• [What to produce]
Identify all lines in the data containing the string "Silver". Copy them out.

Data records
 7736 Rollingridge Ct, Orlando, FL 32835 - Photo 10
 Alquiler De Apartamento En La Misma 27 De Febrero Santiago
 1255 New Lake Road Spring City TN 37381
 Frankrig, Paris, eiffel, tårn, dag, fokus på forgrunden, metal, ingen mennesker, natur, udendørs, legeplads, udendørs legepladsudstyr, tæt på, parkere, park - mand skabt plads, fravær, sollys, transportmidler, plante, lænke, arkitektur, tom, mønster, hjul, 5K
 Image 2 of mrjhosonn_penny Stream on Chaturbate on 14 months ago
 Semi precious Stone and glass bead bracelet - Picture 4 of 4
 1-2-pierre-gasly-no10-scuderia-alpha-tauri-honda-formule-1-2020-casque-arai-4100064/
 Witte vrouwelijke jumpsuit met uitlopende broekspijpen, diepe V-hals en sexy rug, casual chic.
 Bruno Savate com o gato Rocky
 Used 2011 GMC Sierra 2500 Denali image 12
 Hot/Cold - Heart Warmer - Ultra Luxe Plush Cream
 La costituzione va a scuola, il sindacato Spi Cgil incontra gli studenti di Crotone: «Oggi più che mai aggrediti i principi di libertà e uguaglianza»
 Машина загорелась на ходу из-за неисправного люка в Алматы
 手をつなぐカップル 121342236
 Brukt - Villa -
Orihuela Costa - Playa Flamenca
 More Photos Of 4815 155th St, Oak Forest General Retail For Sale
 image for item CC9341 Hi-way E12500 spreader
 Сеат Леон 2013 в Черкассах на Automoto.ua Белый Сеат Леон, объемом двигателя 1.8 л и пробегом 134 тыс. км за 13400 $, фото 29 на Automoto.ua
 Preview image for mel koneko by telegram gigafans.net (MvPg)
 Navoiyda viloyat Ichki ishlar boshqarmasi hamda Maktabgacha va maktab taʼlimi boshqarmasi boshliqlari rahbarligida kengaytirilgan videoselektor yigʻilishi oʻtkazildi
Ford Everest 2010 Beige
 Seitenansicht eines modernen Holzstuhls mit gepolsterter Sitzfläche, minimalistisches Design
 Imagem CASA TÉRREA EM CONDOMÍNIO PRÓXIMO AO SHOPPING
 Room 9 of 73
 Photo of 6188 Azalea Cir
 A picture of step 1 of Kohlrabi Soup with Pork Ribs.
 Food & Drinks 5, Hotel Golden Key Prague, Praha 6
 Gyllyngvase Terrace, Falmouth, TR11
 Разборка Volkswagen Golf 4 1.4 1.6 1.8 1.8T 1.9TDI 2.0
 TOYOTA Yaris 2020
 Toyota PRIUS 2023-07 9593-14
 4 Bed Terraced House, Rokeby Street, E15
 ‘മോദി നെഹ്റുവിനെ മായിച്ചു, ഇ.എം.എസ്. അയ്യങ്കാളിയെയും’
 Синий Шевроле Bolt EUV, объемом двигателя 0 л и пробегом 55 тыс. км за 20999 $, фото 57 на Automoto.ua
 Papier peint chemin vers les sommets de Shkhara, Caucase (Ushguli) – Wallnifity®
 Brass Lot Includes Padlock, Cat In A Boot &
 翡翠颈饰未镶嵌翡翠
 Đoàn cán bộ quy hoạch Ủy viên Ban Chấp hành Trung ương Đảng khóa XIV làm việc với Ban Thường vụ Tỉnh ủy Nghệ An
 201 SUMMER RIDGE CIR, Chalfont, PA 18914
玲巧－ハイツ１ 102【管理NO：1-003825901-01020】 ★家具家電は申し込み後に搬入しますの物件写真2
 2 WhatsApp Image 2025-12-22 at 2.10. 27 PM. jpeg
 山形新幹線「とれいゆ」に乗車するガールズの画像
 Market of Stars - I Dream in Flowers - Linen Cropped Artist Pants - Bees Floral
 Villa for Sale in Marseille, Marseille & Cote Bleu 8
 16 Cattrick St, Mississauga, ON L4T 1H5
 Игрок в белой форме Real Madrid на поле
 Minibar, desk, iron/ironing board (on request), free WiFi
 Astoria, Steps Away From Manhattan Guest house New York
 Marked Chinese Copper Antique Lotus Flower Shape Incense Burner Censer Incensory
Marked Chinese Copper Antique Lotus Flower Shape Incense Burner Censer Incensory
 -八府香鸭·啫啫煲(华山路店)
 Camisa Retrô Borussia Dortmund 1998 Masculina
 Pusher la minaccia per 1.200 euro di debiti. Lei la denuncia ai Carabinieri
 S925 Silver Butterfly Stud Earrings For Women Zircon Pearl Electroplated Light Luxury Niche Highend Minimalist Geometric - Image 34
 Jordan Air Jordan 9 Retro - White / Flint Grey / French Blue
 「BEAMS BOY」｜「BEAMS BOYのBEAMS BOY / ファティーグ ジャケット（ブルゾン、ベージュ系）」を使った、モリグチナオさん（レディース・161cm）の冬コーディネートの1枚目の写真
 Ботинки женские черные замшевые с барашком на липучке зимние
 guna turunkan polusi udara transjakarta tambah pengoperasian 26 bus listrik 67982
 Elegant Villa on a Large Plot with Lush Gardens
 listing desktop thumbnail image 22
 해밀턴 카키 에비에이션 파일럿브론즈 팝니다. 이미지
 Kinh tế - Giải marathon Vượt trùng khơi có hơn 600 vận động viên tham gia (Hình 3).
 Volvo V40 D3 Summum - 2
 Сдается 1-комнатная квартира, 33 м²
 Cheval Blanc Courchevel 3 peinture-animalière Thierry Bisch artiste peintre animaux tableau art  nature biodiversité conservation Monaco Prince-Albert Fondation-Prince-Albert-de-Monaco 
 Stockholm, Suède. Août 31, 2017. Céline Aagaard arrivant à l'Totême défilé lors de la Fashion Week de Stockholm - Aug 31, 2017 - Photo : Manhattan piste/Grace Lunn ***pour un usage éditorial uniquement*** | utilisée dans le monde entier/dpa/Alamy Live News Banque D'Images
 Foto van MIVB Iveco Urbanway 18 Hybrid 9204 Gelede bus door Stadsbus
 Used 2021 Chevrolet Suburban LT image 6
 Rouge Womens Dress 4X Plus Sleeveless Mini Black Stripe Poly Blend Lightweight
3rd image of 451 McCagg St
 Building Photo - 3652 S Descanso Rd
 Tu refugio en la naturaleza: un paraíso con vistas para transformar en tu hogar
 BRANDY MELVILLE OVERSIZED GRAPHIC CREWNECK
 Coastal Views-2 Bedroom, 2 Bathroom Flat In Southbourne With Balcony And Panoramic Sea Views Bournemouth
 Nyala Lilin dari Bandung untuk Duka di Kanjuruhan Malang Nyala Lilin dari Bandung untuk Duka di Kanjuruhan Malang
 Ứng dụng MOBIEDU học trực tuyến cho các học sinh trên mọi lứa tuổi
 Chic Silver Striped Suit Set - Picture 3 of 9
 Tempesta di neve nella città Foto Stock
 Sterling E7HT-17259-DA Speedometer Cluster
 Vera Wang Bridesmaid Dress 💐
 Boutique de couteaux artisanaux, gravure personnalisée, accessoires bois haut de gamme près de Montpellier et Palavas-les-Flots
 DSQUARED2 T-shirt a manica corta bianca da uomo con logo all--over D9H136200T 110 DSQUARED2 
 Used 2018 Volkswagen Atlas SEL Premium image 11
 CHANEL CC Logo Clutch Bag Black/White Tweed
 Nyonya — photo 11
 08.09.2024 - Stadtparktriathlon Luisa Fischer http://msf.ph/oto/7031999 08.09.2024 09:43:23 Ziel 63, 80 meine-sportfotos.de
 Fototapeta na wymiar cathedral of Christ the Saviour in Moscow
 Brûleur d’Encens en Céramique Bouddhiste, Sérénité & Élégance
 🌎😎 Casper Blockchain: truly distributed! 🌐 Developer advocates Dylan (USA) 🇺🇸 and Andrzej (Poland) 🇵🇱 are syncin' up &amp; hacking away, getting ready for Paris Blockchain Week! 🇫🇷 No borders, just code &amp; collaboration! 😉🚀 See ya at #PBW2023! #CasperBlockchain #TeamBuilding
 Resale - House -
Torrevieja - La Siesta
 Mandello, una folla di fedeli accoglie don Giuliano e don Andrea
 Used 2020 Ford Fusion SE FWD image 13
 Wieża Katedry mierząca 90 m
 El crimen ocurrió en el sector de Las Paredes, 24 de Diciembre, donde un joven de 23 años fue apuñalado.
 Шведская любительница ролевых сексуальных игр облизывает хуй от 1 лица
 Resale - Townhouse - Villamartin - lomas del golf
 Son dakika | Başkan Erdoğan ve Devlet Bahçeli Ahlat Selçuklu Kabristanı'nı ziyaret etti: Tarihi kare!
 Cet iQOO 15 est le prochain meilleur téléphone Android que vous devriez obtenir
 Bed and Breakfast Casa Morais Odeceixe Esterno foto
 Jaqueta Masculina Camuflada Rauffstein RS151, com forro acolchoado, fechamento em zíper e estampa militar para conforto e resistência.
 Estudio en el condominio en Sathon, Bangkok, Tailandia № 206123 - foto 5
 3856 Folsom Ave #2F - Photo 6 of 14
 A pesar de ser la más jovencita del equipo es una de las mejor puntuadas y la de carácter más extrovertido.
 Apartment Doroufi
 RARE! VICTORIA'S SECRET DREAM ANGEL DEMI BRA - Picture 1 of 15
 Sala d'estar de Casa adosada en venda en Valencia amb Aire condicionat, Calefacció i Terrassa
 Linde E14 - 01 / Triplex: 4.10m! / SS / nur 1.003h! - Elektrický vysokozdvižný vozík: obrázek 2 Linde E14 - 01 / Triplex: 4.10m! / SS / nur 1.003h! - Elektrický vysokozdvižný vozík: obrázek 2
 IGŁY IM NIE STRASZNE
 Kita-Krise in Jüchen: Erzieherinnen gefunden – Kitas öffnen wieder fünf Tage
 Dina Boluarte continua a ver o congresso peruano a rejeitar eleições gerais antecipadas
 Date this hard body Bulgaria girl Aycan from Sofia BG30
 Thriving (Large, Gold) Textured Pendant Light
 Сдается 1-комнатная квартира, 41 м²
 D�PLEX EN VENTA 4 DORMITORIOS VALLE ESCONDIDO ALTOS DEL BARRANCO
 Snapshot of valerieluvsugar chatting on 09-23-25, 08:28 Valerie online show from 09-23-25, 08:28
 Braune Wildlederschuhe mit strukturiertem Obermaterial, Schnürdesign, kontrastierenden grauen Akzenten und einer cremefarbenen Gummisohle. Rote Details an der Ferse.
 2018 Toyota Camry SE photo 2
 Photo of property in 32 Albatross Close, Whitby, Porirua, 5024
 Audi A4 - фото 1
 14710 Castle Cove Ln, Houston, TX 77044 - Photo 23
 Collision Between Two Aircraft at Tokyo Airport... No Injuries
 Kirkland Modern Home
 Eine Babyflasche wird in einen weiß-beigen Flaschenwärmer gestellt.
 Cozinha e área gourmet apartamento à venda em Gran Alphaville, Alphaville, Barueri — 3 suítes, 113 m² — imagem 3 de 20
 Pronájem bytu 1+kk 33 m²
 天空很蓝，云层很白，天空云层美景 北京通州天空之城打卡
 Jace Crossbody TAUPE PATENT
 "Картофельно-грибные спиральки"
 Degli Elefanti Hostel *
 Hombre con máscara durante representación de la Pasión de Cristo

• [Answer below]
 S925 Silver Butterfly Stud Earrings For Women Zircon Pearl Electroplated Light Luxury Niche Highend Minimalist Geometric - Image 34
 Chic Silver Striped Suit Set - Picture 3 of 9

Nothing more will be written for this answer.